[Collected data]
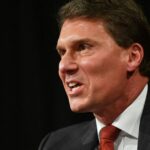 O ex-senador liberal Cory Bernardi renunciou.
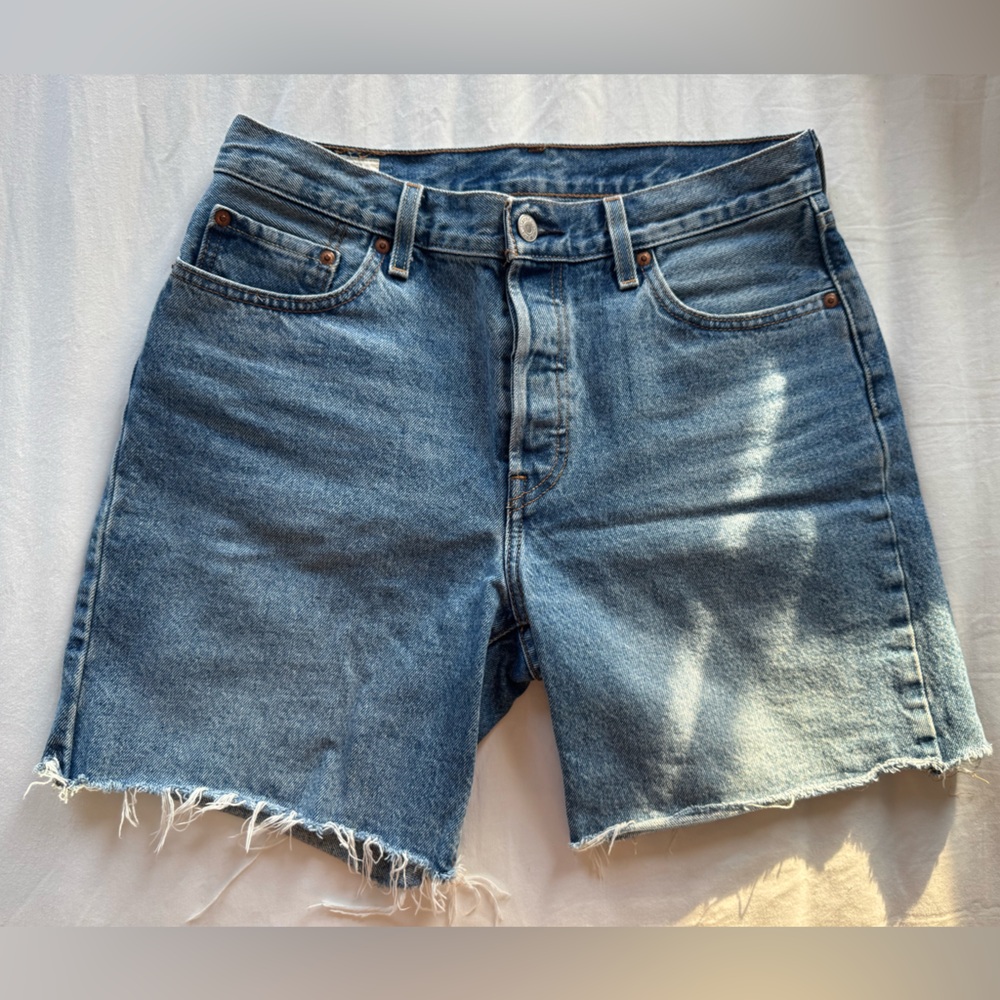 Levi’s 501 Mid Rise Jorts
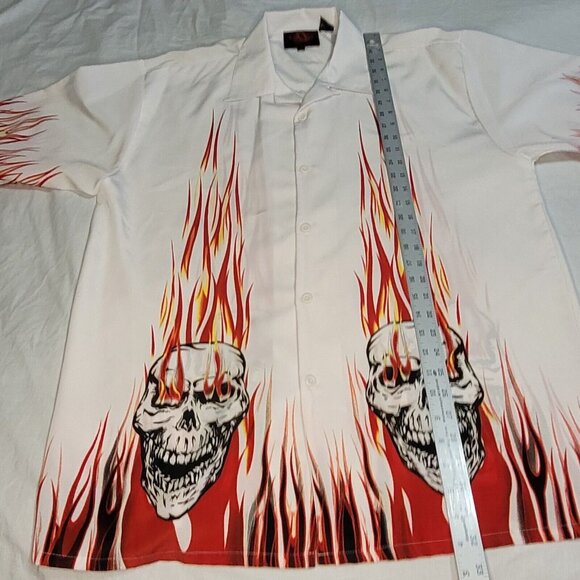 D Clothing Skulls & Flames Shirt Sz XL Button Up Short Sleeve Small Spot See Pic - Picture 11 of 11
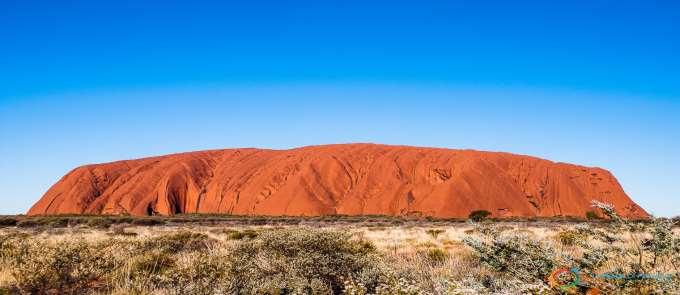 9 giorno, 4 aprile Ayers Rock Presto al mattino (1 ora prima dell alba) si andrà ad assistere lo spettacolo del monolite ed i suoi colori durante il sorgere del sole.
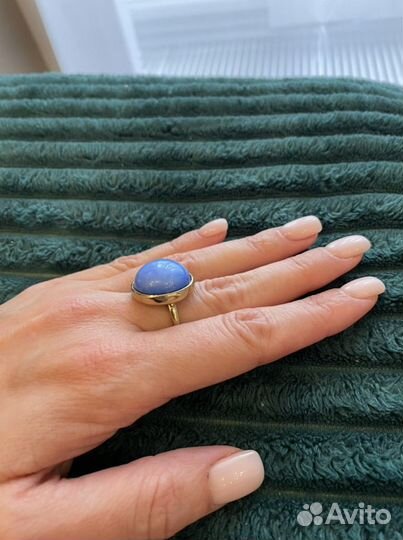 Кольцо с синим камнем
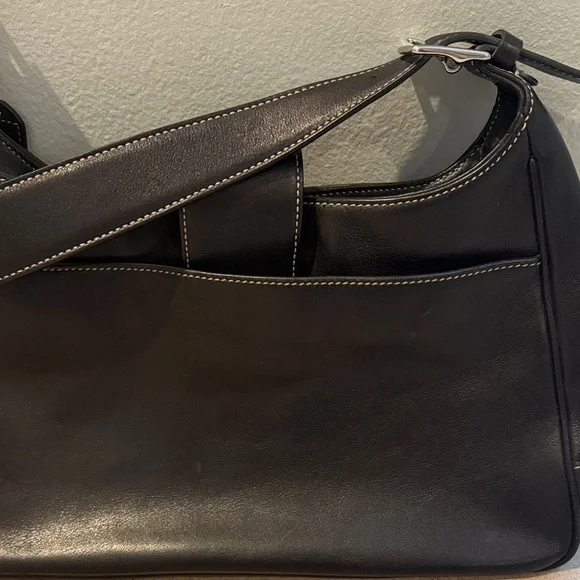 Coach shoulder bag from the Neo collection. - Picture 6 of 12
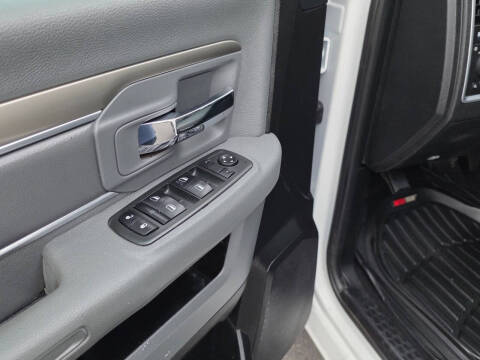 2013 RAM 1500 SLT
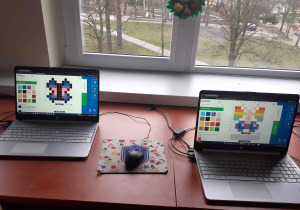 Uczniowie klasy 3b uczą się kodowania w programie – „Wirtualna mata do kodowania”.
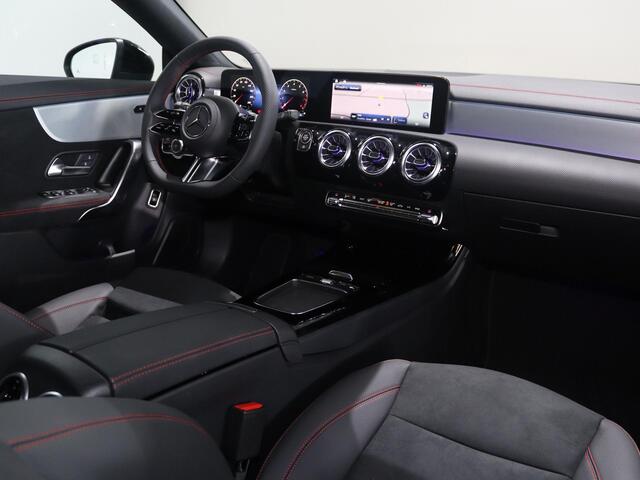 Mercedes-Benz Cla Shooting Brake 180 Business Solution AMG | Panoramadak | Premium Plus | Night Pakket | Multispaaks velgen | HUD | Dodehoekassistent | 360° Camera | Stoelverwarming |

TRY IT:
Please write out every entry exactly, but skip the pictures.

TASK ANSWER:
 O ex-senador liberal Cory Bernardi renunciou.
 Levi’s 501 Mid Rise Jorts
 D Clothing Skulls & Flames Shirt Sz XL Button Up Short Sleeve Small Spot See Pic - Picture 11 of 11
 9 giorno, 4 aprile Ayers Rock Presto al mattino (1 ora prima dell alba) si andrà ad assistere lo spettacolo del monolite ed i suoi colori durante il sorgere del sole.
 Кольцо с синим камнем
 Coach shoulder bag from the Neo collection. - Picture 6 of 12
 2013 RAM 1500 SLT
 Uczniowie klasy 3b uczą się kodowania w programie – „Wirtualna mata do kodowania”.
 Mercedes-Benz Cla Shooting Brake 180 Business Solution AMG | Panoramadak | Premium Plus | Night Pakket | Multispaaks velgen | HUD | Dodehoekassistent | 360° Camera | Stoelverwarming |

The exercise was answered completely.